Coming back, when we hit the turn around point, Z wanted to just charge up the hill. I started at a trot, them with my body let him know it was ok to go up a gait and he was off! galloping up that hill and jumping over the small rain diversion boards they put in the trails. He doest just time his stride to stride right over them, he jumps them! So, I felt a bit challenged at times to be guaranteed safe in the saddle. (which is what you want when you get older; a guarantee)

anyway, when we got back to the place where it was crossing the freeway (on an overpass), the noise reverberating was intense. Z was THIS close to totally losing it! I have not ever been on him where I felt that he was going to loose it. I had to let him move forward, but not allow him to committ to bolting, and disengage him a bit, but not make his so frustrated that he though about bucking. It was this kind of balancing act. Riding a steam engine; got to let off just enough that it won't blow, but not start the train running .

Anyway, a more confident rider would have had fewer such incidents, but a less confident rider could have had a runaway horse. I am somewhere in the middle, balancing the release of that steam.


----------



## tinyliny (Oct 31, 2009)

I've been out twice now on Z lately where I felt that he was becoming resistant to me and I was responding by becoming harsh in my hands. Basically, getting MAD at him. I think it's because I've felt threatened a couple of times when he decided to take a trot to a cnater and then to ignore my hands, and start to get hard. it's that feeling of him going away mentally that I find a bit scary.


He has been less in tune with me on the rides, more just wanting to hurry up and get it over with and go home. it's silly, in know, but I want him to want to be out, as much as I do.

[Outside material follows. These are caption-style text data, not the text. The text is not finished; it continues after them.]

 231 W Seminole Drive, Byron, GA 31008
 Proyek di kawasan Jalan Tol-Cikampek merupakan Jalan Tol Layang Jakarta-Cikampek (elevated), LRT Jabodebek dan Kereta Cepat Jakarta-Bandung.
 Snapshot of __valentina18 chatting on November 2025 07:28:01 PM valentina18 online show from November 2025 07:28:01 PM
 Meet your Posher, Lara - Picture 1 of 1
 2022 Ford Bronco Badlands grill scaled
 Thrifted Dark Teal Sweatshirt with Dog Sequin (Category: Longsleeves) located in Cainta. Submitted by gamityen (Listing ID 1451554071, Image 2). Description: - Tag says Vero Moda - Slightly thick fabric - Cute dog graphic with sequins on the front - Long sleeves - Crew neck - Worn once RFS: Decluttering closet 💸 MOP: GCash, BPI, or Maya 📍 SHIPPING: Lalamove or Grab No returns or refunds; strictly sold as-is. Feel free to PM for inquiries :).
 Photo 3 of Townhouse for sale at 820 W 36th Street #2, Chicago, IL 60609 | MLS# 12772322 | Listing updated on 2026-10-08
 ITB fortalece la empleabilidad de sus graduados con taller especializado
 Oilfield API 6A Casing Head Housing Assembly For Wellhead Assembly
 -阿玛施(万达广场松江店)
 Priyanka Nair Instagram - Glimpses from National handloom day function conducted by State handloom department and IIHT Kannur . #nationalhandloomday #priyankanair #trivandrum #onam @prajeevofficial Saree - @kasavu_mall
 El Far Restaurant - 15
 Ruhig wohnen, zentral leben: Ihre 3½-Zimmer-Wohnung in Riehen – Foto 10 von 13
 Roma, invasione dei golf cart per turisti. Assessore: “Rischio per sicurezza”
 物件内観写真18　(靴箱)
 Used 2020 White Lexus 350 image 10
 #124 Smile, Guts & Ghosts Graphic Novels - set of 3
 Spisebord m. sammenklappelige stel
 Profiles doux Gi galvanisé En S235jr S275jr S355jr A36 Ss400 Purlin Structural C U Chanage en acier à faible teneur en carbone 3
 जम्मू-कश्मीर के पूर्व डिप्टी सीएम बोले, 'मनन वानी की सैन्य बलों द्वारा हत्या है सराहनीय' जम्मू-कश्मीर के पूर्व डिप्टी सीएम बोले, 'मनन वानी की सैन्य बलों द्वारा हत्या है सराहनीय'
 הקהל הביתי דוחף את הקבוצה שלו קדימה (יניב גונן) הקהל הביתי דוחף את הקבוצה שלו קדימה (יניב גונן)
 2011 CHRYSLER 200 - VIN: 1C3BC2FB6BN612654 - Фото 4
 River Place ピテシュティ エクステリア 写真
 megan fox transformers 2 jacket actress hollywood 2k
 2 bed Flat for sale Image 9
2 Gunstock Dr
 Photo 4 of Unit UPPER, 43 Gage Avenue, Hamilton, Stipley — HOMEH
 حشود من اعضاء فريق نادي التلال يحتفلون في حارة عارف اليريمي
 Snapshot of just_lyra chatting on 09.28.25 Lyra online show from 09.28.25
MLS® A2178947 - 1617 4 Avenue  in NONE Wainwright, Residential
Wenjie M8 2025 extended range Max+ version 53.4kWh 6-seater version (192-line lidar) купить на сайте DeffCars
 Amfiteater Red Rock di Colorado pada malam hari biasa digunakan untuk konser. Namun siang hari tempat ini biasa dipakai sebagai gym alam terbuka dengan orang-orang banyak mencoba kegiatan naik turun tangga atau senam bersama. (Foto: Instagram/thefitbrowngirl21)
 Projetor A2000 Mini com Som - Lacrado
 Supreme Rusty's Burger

I will get a lesson on Z in late March, and boy do I need it! I feel that my seat is all over the place, I am riding too much off my hands and struggling to keep my lower leg stable. It's partly from my back being painful sometimes, so I end up riding defensively with my lower back, which means stiff, which means it's hard for me to allow Z to move under me.

I wonder what it's like for him to carry me. I hope it's not something that he really hates. I know that when his owner rides, he gets to go for long canters and she can two point nicley and he likes that. Sorry Z.


I was helping my friend to learn how to do a good disengagement of the hind, followed by having the horse step the front on through. I just barely have a good grasp on how it should feel myself. But she liked how I described it and she said, "you should be a riding teacher". 

I wish!


----------



## tinyliny (Oct 31, 2009)

Well, went out on Z again today. Riding him frequently is the only way I can gain, and maintain, enough condition to be able to ride him frequently. You know what I mean? It's just that he does take a fair amount of strength to ride, and if I dont' ride him regularly, I end up being perpetually struggling.

which makes me wonder how many folks are in that situation; they never get to ride enough to where it gets "easy". So, they think riding is hard.
I think I have never really been in a state of physical fitness as a rider that even comes near to that of folks that ride all the time. I would just love to be in the body of an Olympic dressage rider and get to feel what muscles they use, and how hard and all. I bet it'd be quite the education.


z was spunky today, but less dorky. He still gets really strong if we canter in the homeward direction, which we do. In general, the way home tends to be more uphill oriented, so naturally more comfy for faster gaits. We did some arena work and I was reminded how Z likes to fall into the circle . I got some canter departs, but they weren't really all that pretty. But, at least I got them and had him canter several times. Used to be that just one canter on him would scare the dickens out of me.

going home, we galloped up the dump trail and then took seveal other canters. the last hill, he galloped up and then crested the hill and just continued cantering down the trail. his ears were pricked forward and he was really game to go. I was just marginally comfortable with my seat and allowed him to canter on a bit, but had to ease him down because I cannot let him work himself up into a bolt for home.. I need to find a place that is open where I can let him really rip! I think I am nearly ready for that.

No deep thoughts today, just admitting that I had a great ride and that I rode well! I pat myself ont he back.


----------



## Cacowgirl (Feb 19, 2011)

A great ride can really clear the cobwebs out of the brain! Glad you had a great day.


----------



## tinyliny (Oct 31, 2009)

somebody is actually reading this junk? I am amazed. and flattered. Thanks for your time and your encouragement. A good ride is the best medicine.


----------



## tinyliny (Oct 31, 2009)

Rode today, yesterday and a day or two before that. I am trying so hard to build up the muscles needed to ride Z well.

The other day when we were riding, Z was being kind of anxious, as he's been quite a bit lately. He wants to run for home, so if I pick up a trot in the direction of home, he starts to hollow out and his trot footfalls become super heavy. It makes his trot all the harder to ride, and I noticed that I end up hollowing out MY back . I had heard one trainer describe how when horses hollow out the back like that, the rider struggles not to fall back into the "man trap" that the saddle becomes. I don't know about that, but I do find that posting is harder and I end up bumping down hard on Z's back and it hurts MY back (which now hurts me all the time).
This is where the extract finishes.